Nietzsche’s second weapon is his vivid historical imagination (hence the word ‘genealogy’). He repeatedly insists that those who have written about morality have failed to grasp the most important issues because they have had an inadequate sense of history. Here he strives to correct that failing by inviting us to see the development of our moral thinking in narrative terms. His purpose in so doing is clearly revolutionary, for to transform our understanding of something into a historical narrative is to rob that phenomenon of any claim to lasting value and truth. Just as Charles Darwin had made the term species nothing more than a historical label, a temporary description of something undergoing a constant process of change, so Nietzsche is urging us to see our morality (and the terms central to it, like ‘good’ and ‘evil’) as products of a historical process and hence without any essential truth. In that sense, the most devastating remark in the Genealogy is the following casual aside: ‘Only something which has no history is capable of being defined.’ It is important to note that the ability of history to undermine true claims does not necessarily depend upon the details of the history offered. The highly imaginative historical narratives Nietzsche offers in these three essays may well provoke important challenges, but what matters more than these details is the very notion that our moral thinking and even our moral language have a history and therefore are not and cannot be an insight into the eternal truth of anything. For Nietzsche is far more concerned to ‘unmask’ the fictional nature of traditional morality than to persuade readers that his particular narrative is the ‘truth’.

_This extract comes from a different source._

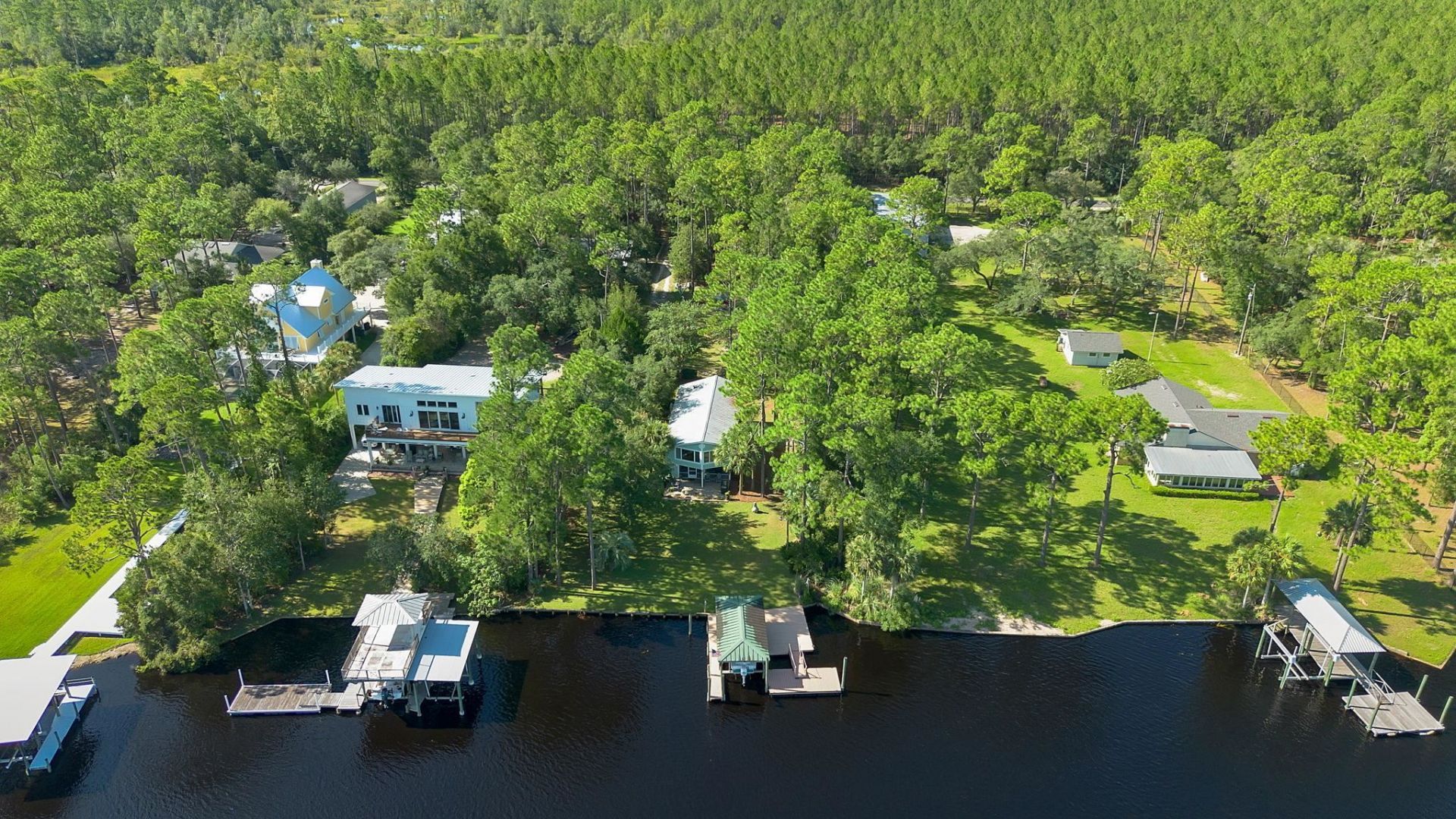 241 Rio Vista Drive, Sopchoppy, FL 32358 Photo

To these two elements of his critique, Nietzsche adds a third: his amazing sense of the psychological complexities of the human mind, a prominent feature of the second and third essays. Here again, whether one agrees with Nietzsche’s analysis of human responses to cruelty or of the ascetic priest, one cannot leave his writing without a heightened sense of the psychological issues involved in moral thinking (vital concerns which have for too long been overlooked or dismissed, and yet which are obviously central to the arguments).

In his first essay, Nietzsche offers one of his most famous and fertile ideas, the transformation which took place when the weak and the powerless got their revenge against the strong and the powerful by an inversion of values. The strong had originally designated their own most prominent characteristics as ‘good’ and the lack of those qualities as ‘bad’. However, prompted by feelings of ressentiment and led by the Jews and the Christians, the weak inverted these values, declaring weakness and submission good and strength and power ‘evil’, thus initiating a struggle which has lasted a thousand years. This triumph of the slave mentality, Nietzsche argues, was a brilliant accomplishment, but fundamentally harmful to the human race.

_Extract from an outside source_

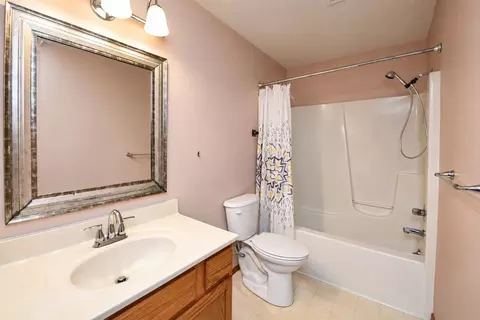 Bath - 3 Nicole Ct, Bloomington, IL 61701 photo 2 of 2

In the second and third essays, Nietzsche again seeks to unmask important elements of contemporary morality, including the notions of conscience, pity, kindness, and self-denial. With a combination of historical narratives and acute psychological observations, he argues that certain moral obligations arose from simple contractual arrangements between debtor and creditor. If we trace where these led, we can recognize the life-denying elements in our moral language and our system of justice, for these set up a despotic system (couched in morally sweet language) which enslaves us all. Similarly, the ascetic priest (Nietzsche spends some time exploring what the term might mean) – a person we have traditionally admired (whether as a religious or scholarly or scientific figure) – is merely a sick physician for a sick people.

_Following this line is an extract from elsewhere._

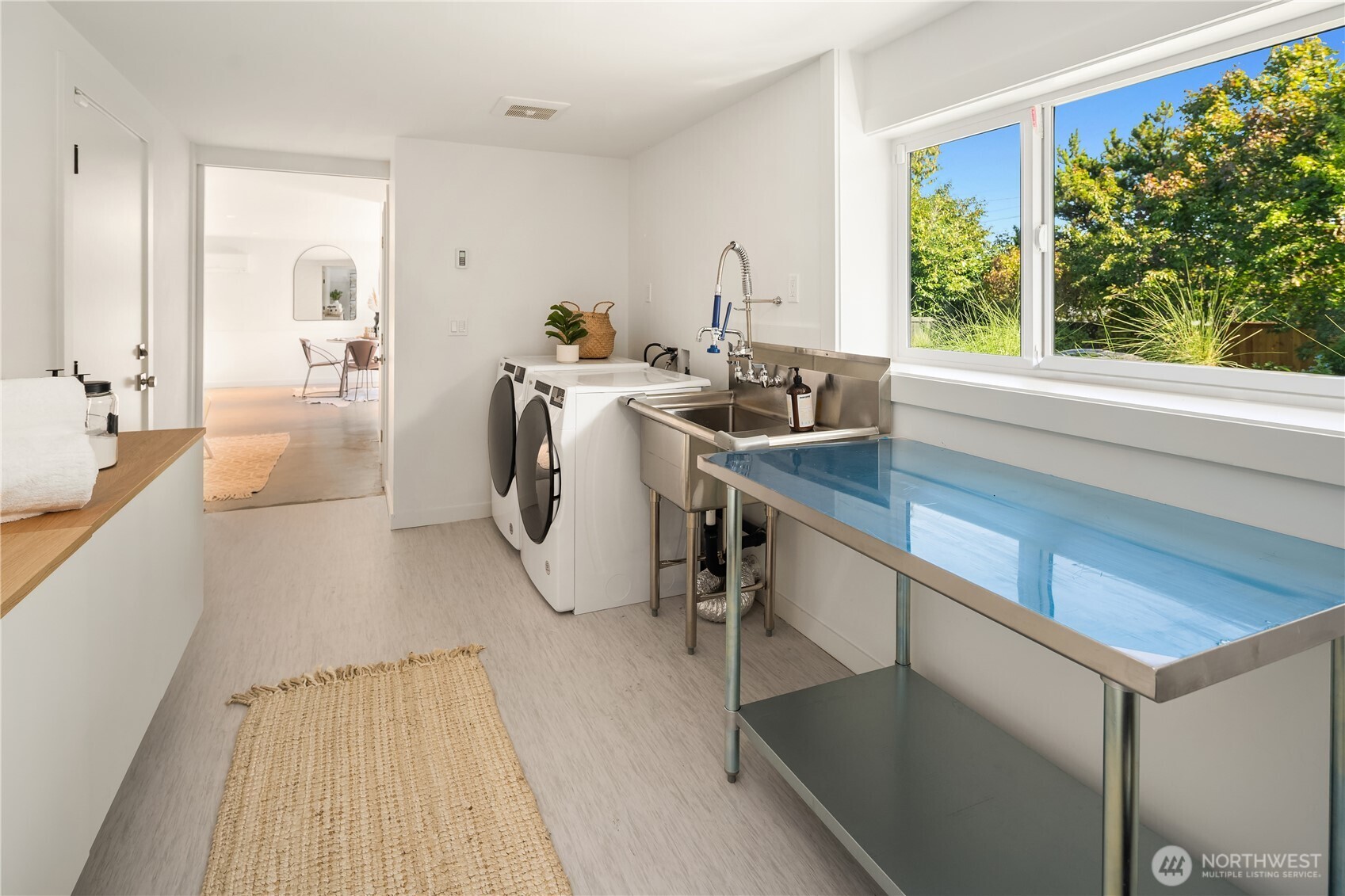 Seattle, Washington, 98177, United States, 4 Bedrooms Bedrooms, ,1 BathroomBathrooms,Residential,For Sale,1988079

Nietzsche’s attack on conventional moral thinking and his repeated calls for stronger spirits to recognize the historical and psychological (and hence ‘fictional’) nature of our beliefs and to move beyond them attracted relatively little attention in his own time. But since his death in 1900, his work has had an enormous effect on Western thought – so much so, that his ideas are still central to any number of ongoing debates in philosophy, aesthetics, literature, and politics.